Foreign Affairs ist ein junges Berliner Festival, das sich als Flirren zwischen Gattungen und Kulturen versteht. "Uncertainty" - zu deutsch Unsicherheit oder auch Unbestimmtheit, ist der diesjährige Festivaltitel. Er stammt vom südafrikanischen Künstler William Kentridge und soll ein Statement gegen simple, politische Gewissheiten sein.

Von Barbara Behrendt |
    Der südafrikanische Künstler William Kentridge posiert am 04.07.2016 in Berlin beim Haus der Berliner Festspiele am Rande der Pressekonferenz für das internationale Performing Arts Festival Foreign Affairs.

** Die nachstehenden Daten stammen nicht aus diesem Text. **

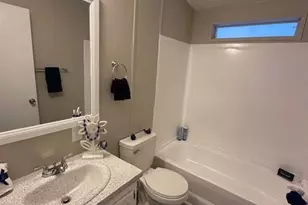 880 N Lake St, Hemet, CA 92544 - Photo 13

    Der südafrikanische Künstler William Kentridge hat das junge Festival geprägt. (picture alliance / dpa / Britta Pedersen)
    Der südafrikanische Künstler und Regisseur ist während der beiden Festivalwochen stets präsent: Er steht bei vielen Performances auf der Bühne; er hält in Marathon-Abenden seine "Drawing Lessons", also Lecture Performances übers Zeichnen, – und er springt sogar ein, als in "Ubu and the Truth Commission" die Hauptdarstellerin wegen eines Bühnenunfalls ausfällt. Nur auf deren Tanzpartien, sagt der 61-Jährige, möchte er lieber verzichten.
    Verknüpfung von poetischen und politischen Arbeiten
    Während die Berliner Festspiele im Martin Gropius Bau eine große Schau über Kentridge zeigen, hat Foreign Affairs ein Festival mit ihm im Zentrum kuratiert – und Kentridge geriert sich dabei nicht als der große Superstar, sondern zeigt sich als sympathisch nahbarer Zauberkünstler, der seine Tricks erklärt. Die Berliner Festspiele stemmen in der Verbindung von Festival und Ausstellung die wohl bisher umfassendste Präsentation von Kentridges Werk in Deutschland.
    Seine poetischen und politischen Arbeiten werden hier genauso miteinander verknüpft wie seine bildende und darstellende Kunst der letzten Jahrzehnte. Überall stößt man auf die Motive, die er in den unterschiedlichen Medien oft wiederholt: die Kohlezeichnungen mit den Espresso-Kannen, die Daumenkinos mit seinen Selbstporträts, die Schreckensbilder aus der Apartheid, das Umkehren der Zeit.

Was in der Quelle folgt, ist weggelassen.